Stollsteiner: Purely from the outside – yes. But the question is of course: what is being invested in, in the longer term? There are certain dichotomies in the classic arts. If I hack at a stone too hard, then I will only have crumbs afterwards, but not a sculpture. This can be directly applied to social matters. If I permanently tell my colleague what an idiot he is, then at some point, between us, we will have to patch up a pile of shards. Another example: The group paints an object from different perspectives. You must change your position, or turn the object around, i.e. put yourself completely on the other side. Not only with your head, but with your heart. A good investment!
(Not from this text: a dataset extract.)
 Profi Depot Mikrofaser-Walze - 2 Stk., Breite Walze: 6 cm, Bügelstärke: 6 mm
brand eins: A magic word for the current management generation is networking, especially on the internet. Your art talks about another kind of networking.
Stollsteiner: Internet networking strings together contents, which are often not considered at the same time, in spite of this. For me, networking means perceiving things in their simultaneity. I can do this much more easily in art, if the observer stands in the middle of the installation, and can no longer hide themselves. A network only starts when I feel that I am in the middle of it, because I am a permanent designer instead of just an observer. On the internet, you mostly get the impression, what is happening in front of me has nothing to do with me, and yet it changes my world dramatically. That triggers righteous anger in me! In the centre of my installations, the observer is free to decide, to expose themselves to the tension, and in this way, allow inner images to emerge in their own self. Many new media plaster me with external images, until I am completely stuck together.
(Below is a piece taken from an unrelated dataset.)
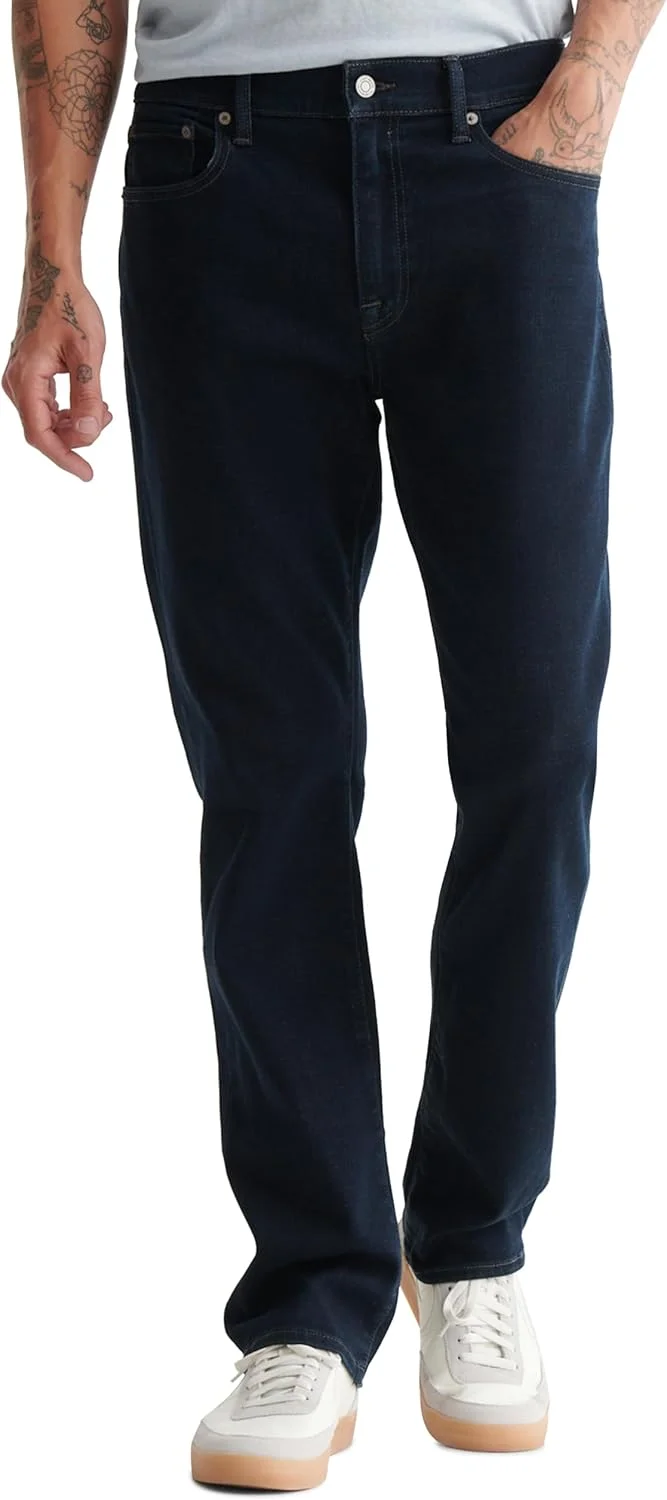 شلوار جین مردانه لاکی برند مدل 410 با فیت ورزشی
brand eins: So, should IT companies in particular, computer start-ups, the networked and decentralized treat themselves to your art seminars?
Stollsteiner: In the IT sector, it can be read the most clearly, what is currently happening socially. People live even more drastically there than elsewhere. No longer with haptic, palpable processes. They are permanently looking in from the outside, on a flood of information, and control an enormous amount, with an equal amount of responsibility. The medium can rob you of physicality and feeling. So, it would be very valuable for this sector to feel again: what am I actually creating in the world and how, even for myself?

brand eins: What percentage turnover and profit increase can you guarantee me as an entrepreneur, if I hire you for an employee seminar?
Stollsteiner: In the short term I don’t guarantee anything. In artistic discussion, processual thinking is taught, and personal potential is experienced. The extent to which the participants will introduce these experiences into the company organisation, remains unknown. It is about the individual abilities of the people, not their skills. I never train towards the short-term goals of a company. You have to want to permanently maintain the process. Also with pain, and even detachment, if someone discovers: my self no longer fits into this company.